> _PROBLEM DESCRIPTION_: Give the data below again exactly as written, without its pictures.

> _GIVEN DATA_:

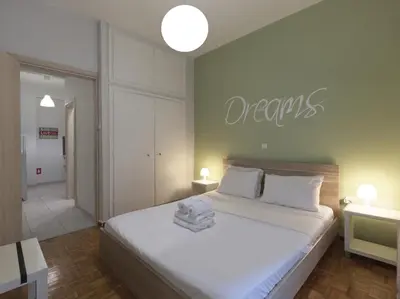 a bedroom with a bed with a sign that reads dreams at Cozy Athenian One BD, Pistachio Charm in Athens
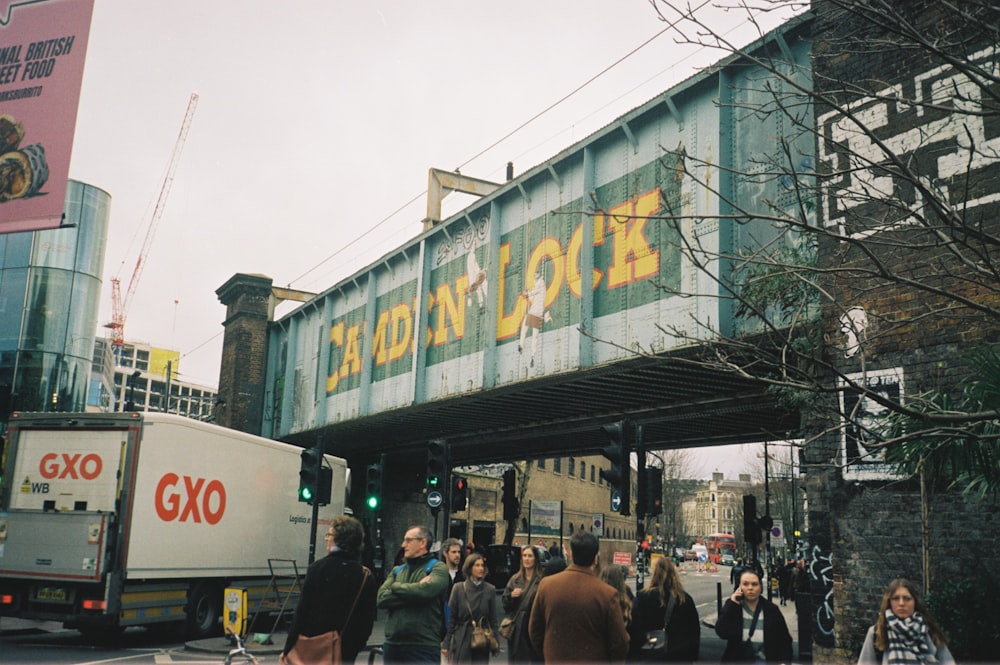 a group of people walking under a bridge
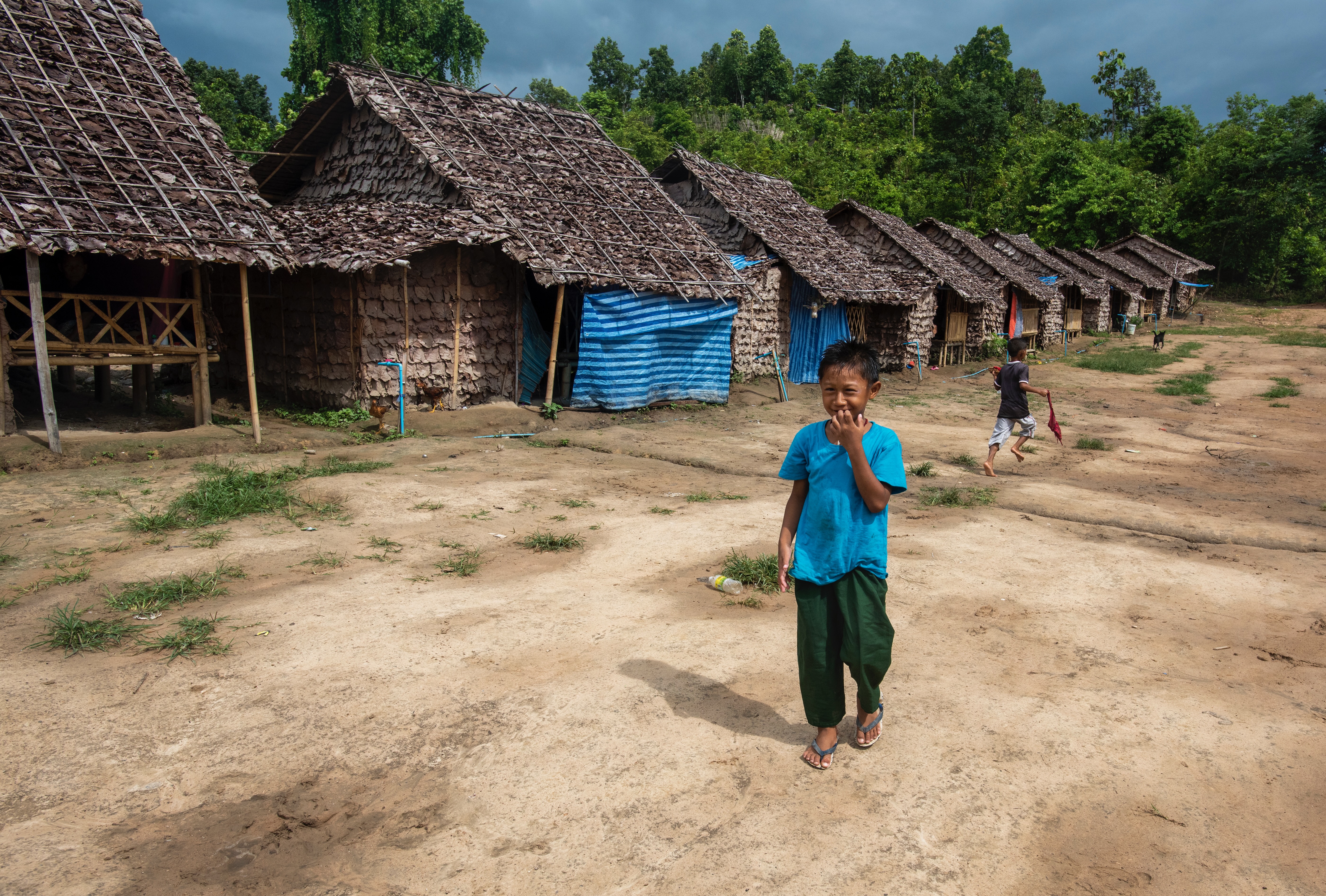 A young boy with medium skin tone and short dark hair walks on a dirt road in front of a row of huts with thatch roofs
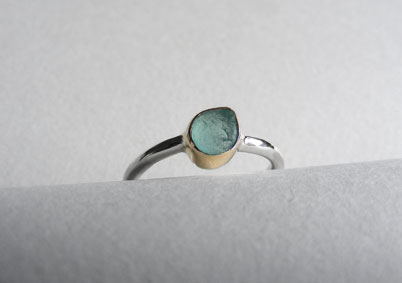 Sea foam sea glass ring bezel set in 9ct gold with silver band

> _SOLUTION TO THIS TASK_:
 a bedroom with a bed with a sign that reads dreams at Cozy Athenian One BD, Pistachio Charm in Athens
 a group of people walking under a bridge
 A young boy with medium skin tone and short dark hair walks on a dirt road in front of a row of huts with thatch roofs
 Sea foam sea glass ring bezel set in 9ct gold with silver band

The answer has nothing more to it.